The old woman chuckled, a dry, rustling sound like wind through millet stalks. “There was once a man in Baghdad,” she said, “who tried to count every drop of the Tigris. He died old and bitter. Another man simply drank from the river and wrote a poem about its taste. Which one was wiser?”
And so it was proven: the ink of the scholar is holy, but the tongue of the storyteller? That is the fire that warms the soul in the cold desert night. hidayatul mustafid hausa
“In the beginning,” he said, “when the world was still soft like clay, the First Father walked from the East to the West. Wherever he placed his right foot, a market sprang up. Wherever he placed his left foot, a mosque grew. And he carried on his shoulder not gold, but a bag of stories.” The old woman chuckled, a dry, rustling sound
In the ancient, sun-scorched city of Kano, where the dust of trade routes mingled with the whispers of scholars, there lived a young man named Hidayatul Mustafid. His name, meaning “Guidance of the Chosen One,” was a heavy cloak for a boy who felt lost among the towering shelves of his father’s library.
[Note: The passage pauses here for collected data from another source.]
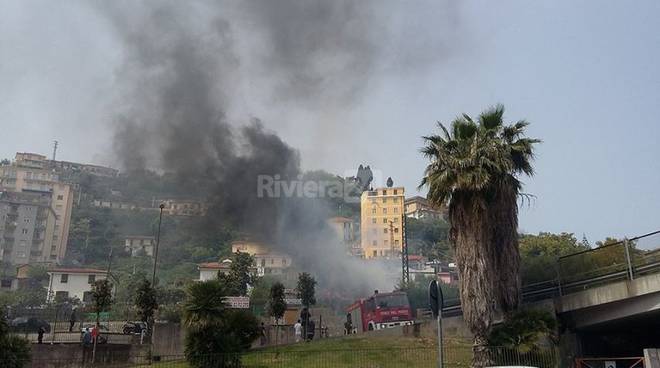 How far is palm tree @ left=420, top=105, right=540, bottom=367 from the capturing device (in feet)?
57.9

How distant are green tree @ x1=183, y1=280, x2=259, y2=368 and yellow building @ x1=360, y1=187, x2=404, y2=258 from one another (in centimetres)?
9981

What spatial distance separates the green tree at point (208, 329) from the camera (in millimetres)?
16172

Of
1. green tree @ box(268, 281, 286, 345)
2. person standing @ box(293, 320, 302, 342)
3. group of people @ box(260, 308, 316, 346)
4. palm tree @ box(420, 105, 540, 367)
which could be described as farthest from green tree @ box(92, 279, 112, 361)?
palm tree @ box(420, 105, 540, 367)

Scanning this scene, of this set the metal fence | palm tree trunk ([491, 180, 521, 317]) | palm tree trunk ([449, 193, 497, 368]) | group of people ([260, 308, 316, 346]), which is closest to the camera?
the metal fence

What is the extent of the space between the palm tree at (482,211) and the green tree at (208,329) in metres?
7.77

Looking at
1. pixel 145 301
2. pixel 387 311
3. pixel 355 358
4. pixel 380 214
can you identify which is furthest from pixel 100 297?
pixel 380 214

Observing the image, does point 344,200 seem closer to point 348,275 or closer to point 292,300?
point 348,275

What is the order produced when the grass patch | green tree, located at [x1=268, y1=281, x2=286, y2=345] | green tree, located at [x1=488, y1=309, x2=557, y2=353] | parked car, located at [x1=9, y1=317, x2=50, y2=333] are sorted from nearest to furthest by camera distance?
green tree, located at [x1=488, y1=309, x2=557, y2=353]
the grass patch
green tree, located at [x1=268, y1=281, x2=286, y2=345]
parked car, located at [x1=9, y1=317, x2=50, y2=333]

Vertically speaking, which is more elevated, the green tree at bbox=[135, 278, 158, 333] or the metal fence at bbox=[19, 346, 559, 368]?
the green tree at bbox=[135, 278, 158, 333]

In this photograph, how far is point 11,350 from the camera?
15148 millimetres

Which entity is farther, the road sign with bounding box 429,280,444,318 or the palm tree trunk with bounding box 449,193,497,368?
the palm tree trunk with bounding box 449,193,497,368

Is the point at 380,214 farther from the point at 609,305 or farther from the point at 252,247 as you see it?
the point at 609,305

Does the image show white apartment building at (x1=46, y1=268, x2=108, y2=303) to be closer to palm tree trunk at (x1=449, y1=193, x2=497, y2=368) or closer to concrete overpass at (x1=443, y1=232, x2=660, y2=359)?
palm tree trunk at (x1=449, y1=193, x2=497, y2=368)

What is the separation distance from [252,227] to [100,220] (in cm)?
6546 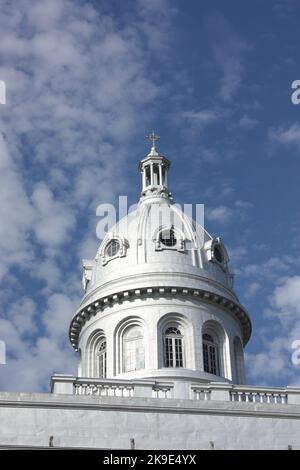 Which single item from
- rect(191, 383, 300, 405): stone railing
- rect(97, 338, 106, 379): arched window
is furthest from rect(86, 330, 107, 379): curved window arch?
rect(191, 383, 300, 405): stone railing

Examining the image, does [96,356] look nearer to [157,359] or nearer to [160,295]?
[157,359]

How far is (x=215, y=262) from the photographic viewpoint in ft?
182

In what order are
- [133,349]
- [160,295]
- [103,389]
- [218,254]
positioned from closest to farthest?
[103,389], [133,349], [160,295], [218,254]

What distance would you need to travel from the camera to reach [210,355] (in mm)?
51750

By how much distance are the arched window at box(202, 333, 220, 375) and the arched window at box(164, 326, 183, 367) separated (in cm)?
139

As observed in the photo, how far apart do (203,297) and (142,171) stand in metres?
12.7

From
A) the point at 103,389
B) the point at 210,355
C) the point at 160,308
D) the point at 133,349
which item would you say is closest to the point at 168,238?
the point at 160,308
Another man simply drank from the river and
That night, a great caravan arrived from Timbuktu, carrying a blind scholar from the University of Sankore. The scholars of Kano gathered to honour him, but no one could make him smile. He had lost his manuscripts in a flood. “Without my books,” the blind man lamented, “I am blind twice over.”
I will join you in prayer for a spiritual awakening among God's people and the advancement of the gospel.